Is College Remediation a Barrier or a Boost?
Evidence from Tennessee
Angela Boatman discussed this article with Editor-in-chief Marty West on the EdNext Podcast.
For millions of students at American colleges, freshman year starts off with an unpleasant surprise: despite graduating high school, students find themselves assigned to remedial classes in math or English, which they must pay for and pass before being allowed into college-level courses. Given that many of these students never complete a certificate or degree, advocates have begun to refer to remediation as a “bridge to nowhere.” Thus, policymakers looking to increase postsecondary enrollment and completion have put their focus on lessening the delays created by remedial course requirements.

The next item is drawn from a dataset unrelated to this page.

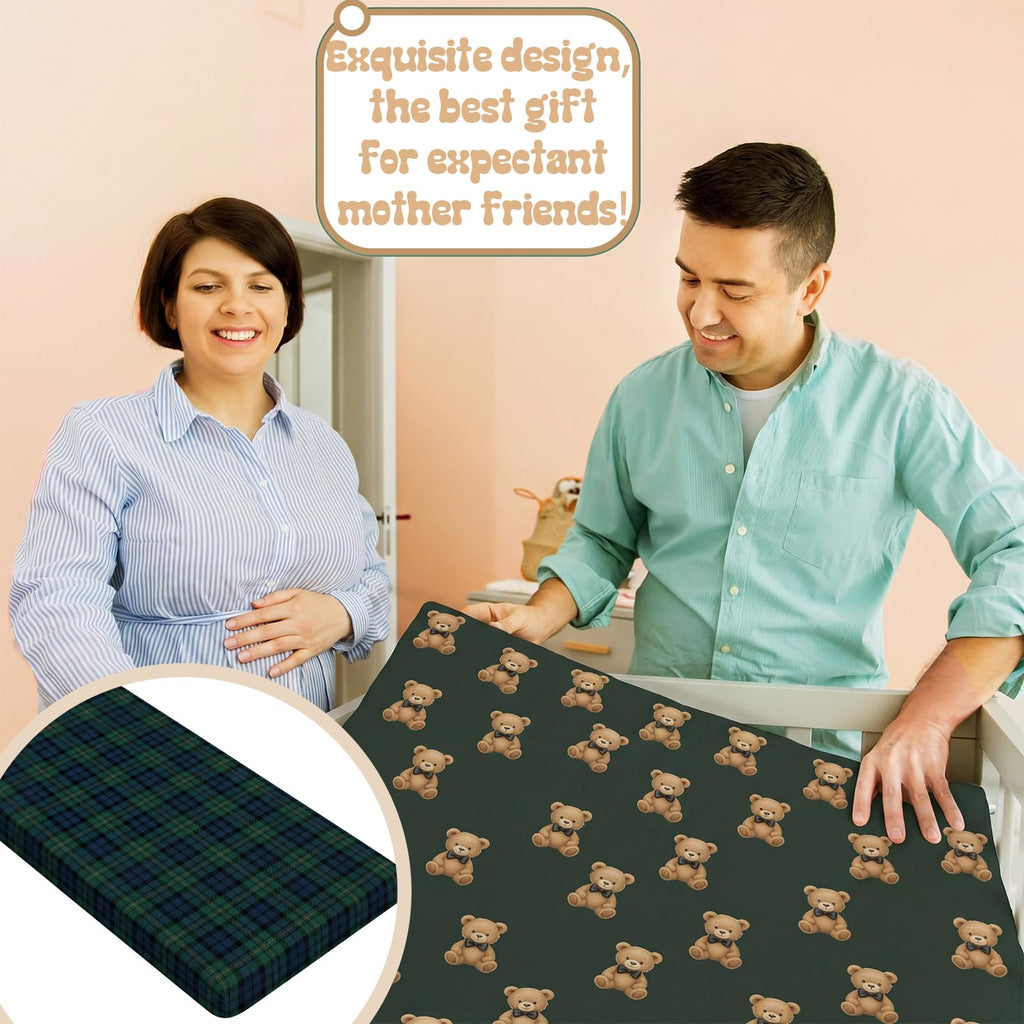 2 Pack Tartan Plaids Bear Fitted Crib Sheet, Stretchy
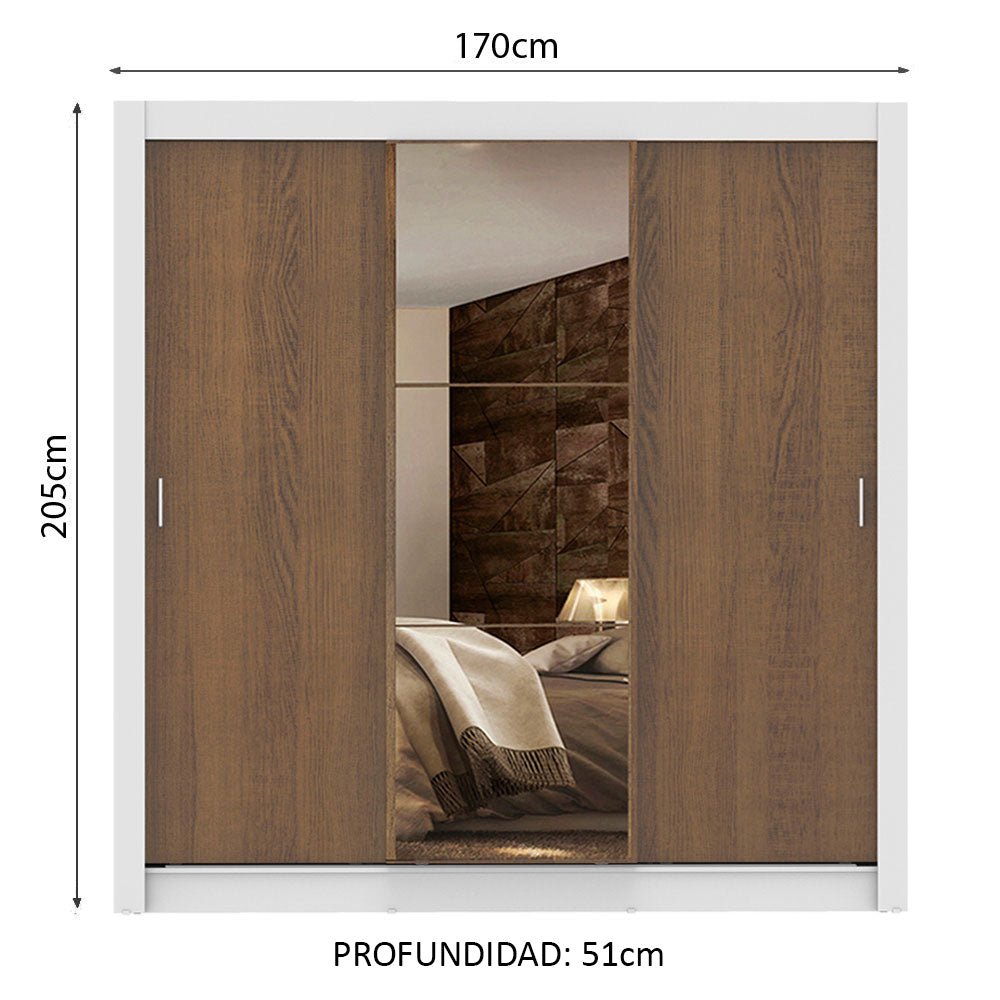 Clóset Matrimonial 170 cm 3 Puertas Corredizas Con 1 Espejo 4 Cajones Blanco/Marrón Lyon Madesa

The problem is especially acute in Tennessee, where in 2013, only one in three adults had more than a high-school diploma and two in three incoming college freshmen at local community colleges were placed in remedial classes. That year, the state launched the “Drive to 55” initiative, with the goal of increasing the number of adults with postsecondary credentials to 55 percent by 2025. It is a priority widely shared by policymakers across the country, with 41 other states working toward similarly ambitious graduation goals.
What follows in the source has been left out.